Let’s say you are a senior executive seeking the right skin in the game job opportunity. You’re impatient, you want action. You want a steady flow of networking meetings, job interviews, and SITG C-Level executive type job offers. You are ready to write your equity check, start working, and lead your team, producing results towards your upcoming liquidity event. Okay, I hear you loud and clear. Let’s get started now!

HERE’S YOUR MASTER JOB SEARCH TO DO LIST:

 If you lack a home office then rent an inexpensive, established, private temp office set up with a receptionist, desk, file drawers, computer, email, fax, and long distance phone with voicemail.

 Write your Indiana J. (optional), especially if you haven’t looked for a job in many years. Your IJ Bio should help strengthen your interviewing skills and your resume whether you have it done professionally or do it yourself.

 Write your powerful, influential resume reflective of your credentials, results, contributions to company growth, sales, profits, and functional title(s). Instead of listing just responsibilities, mention obtained results. Avoid adjectives. Provide data, key performance indicators (KPIs), performance measures you tracked, critical key metrics achieved such as EBITDA, and sales growth. Keep the PEG hiring authority target for your resume in mind (see chapter 5).

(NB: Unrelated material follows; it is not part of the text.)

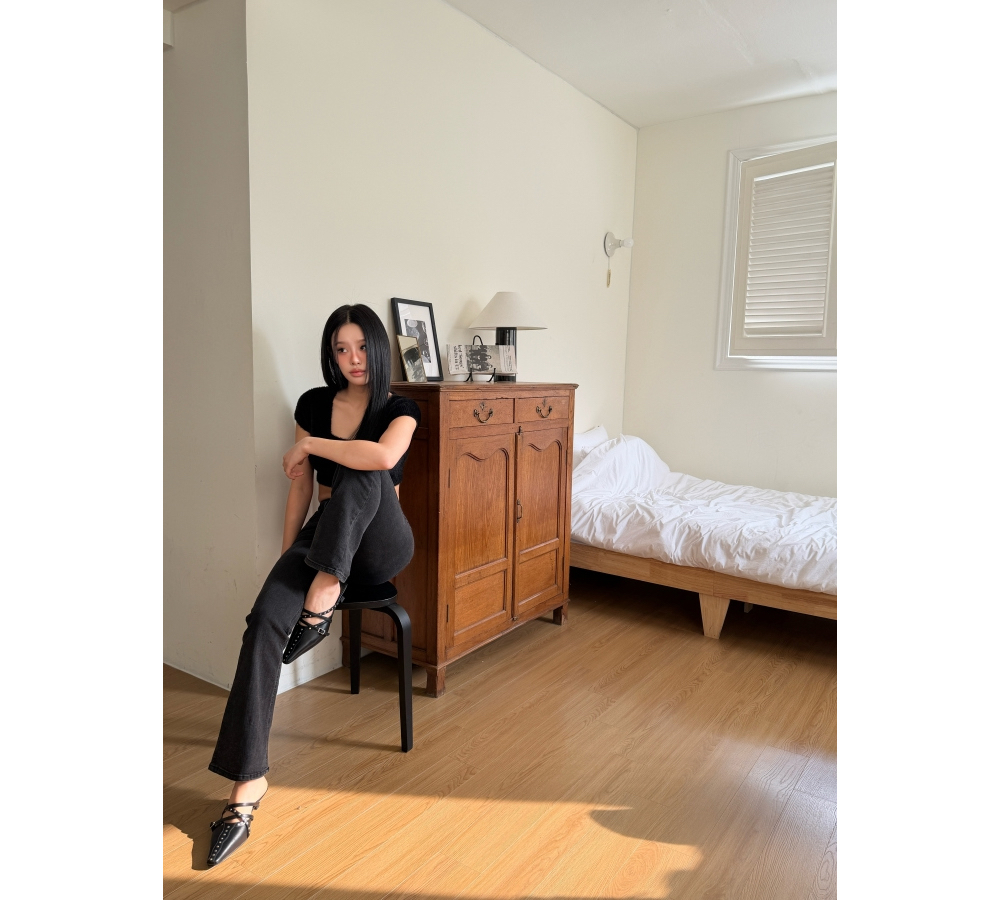 Stylish studs pointy mules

 Write a focused, influential, persuasive cover letter (see chapter 5).

 If you want expert help writing your resume, check out the three qualified and proven professionals I recommend in chapter 5 and select one to best assist you with your resume and cover letter (mention that I referred you).

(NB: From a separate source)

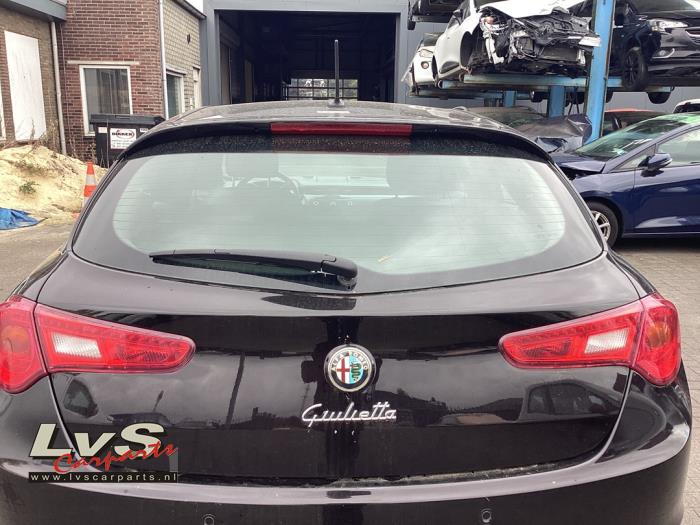 Alfa Romeo Giulietta Tailgate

 Select references that you have worked with and for, and mail them your resume to obtain reference letters from them. Ask for at least a paragraph on their letterhead confirming any of your accomplishments stated in your resume that they can verify (see chapter 7). Most PEG clients I have represented view typical reference checks with a grain of salt. Exceptions would be other PEGs that employed my clients and people known to my clients. My approach to references has been successful through trial and error for over twenty-five years. It’s based on you producing a people profile who know you professionally and are authoritative within their company. Even list those individuals you might prefer the PEG not to contact for reasons discussed later. For many skin in the game job seekers, chapter 7 may be the most difficult chapter to emulate.

 Set up your LinkedIn profile (see chapter 8).

 Are you consulting part time while seeking skin in the game job opportunities? PEGs often engage specialist consultants on projects that can lead to full-time opportunities. Make up and order 100 inexpensive tasteful consulting brochures and business cards (see chapter 10).

 Prepare your presentation portfolio for PEG meetings. Order a dozen Esselte Oxford Poly 8-Pocket Folder-Letter Size (see chapter 10).

 Rehearse your three minute personal elevator pitch (see chapter 8).

 Organize your networking plan (see chapter 6).

 Order 500 business cards with your name, address, city, state, zip, your email, cell phone, and home phone (with 24/7 voicemail capability) on the front. On the reverse side print your skin in the game function and whatever industry or industries you are focusing on.

 Do your research for targeted middle market PEGs to contact and targeted PEG portfolio companies in industries your background matches (see chapter 9).

 Once you’re ready for a job offer, check out chapter 11.

 Conclude your to skin in the game job search (see chapter 12).

Maybe you are one of the lucky ones who is a graduate of a branded school with high class rankings and have your MBA. You are employed with no job history gaps and you have the right connections, a dynamite resume, and you interview famously. If there is a PEG with a SITG C-Level job match for you, congratulations; you will be hired. For the rest of you, this book will help you get there if you are interested, qualified, and can actually do the SITG C-Level job well. The advice I offer in this book will definitely help you if you’re willing to do the work. Good luck!